The piston and cylinder assembly 26 includes a piston 28 and a cylinder 30 mounted for movement axially of the piston 28. One end of the piston 28 and cylinder 30 is attached to the boat and the other is attached to the propulsion unit. The piston 28 is provided with a central aperture 29 having a threaded portion 40 and is sealed with respect to the cylinder 30 by means of an O-ring 32 provided in an annular groove 34. The piston 28 is retained in a relatively fixed position (i.e., ignoring some pivotal movement relative to the boat transom) by means of a tubular piston rod 36 pivotally secured to the transom 18 of the boat by means of the bracket assembly 22. The piston rod 36 is threaded at one end for connection to the threaded bore 27 in the swivel connector 25 and at the other end for connection to the threaded portion 40 of the aperture 29 in the piston 28. For purposes to be mentioned later, a number of ports 42 are provided in the piston rod 36 adjacent to the piston 28.
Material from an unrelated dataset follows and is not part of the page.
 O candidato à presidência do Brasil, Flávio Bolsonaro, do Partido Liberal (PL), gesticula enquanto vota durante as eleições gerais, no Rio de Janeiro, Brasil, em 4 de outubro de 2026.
Means are provided for closing the ends of the cylinder 30 in the form of an end wall 44 at one end of the cylinder to form a pressure chamber 46 on one side of the piston 28 and a plate 48 at the other end of the cylinder to form a pressure chamber 50 on the other side of the piston 28. The end wall 44 includes a central aperture 52, a port 54 and a threaded annular flange 56. The plate 48 is retained on the cylinder 30 by means of a snap ring 60 and includes an aperture 58 through which the tubular piston rod 36 extends. The plate 48 is sealed to the cylinder 30 and to the piston rod 36 by means of O-rings 62 and 64 positioned to sealingly engage the inner surface of the cylinder 30 and the outer surface of the piston rod 36, respectively.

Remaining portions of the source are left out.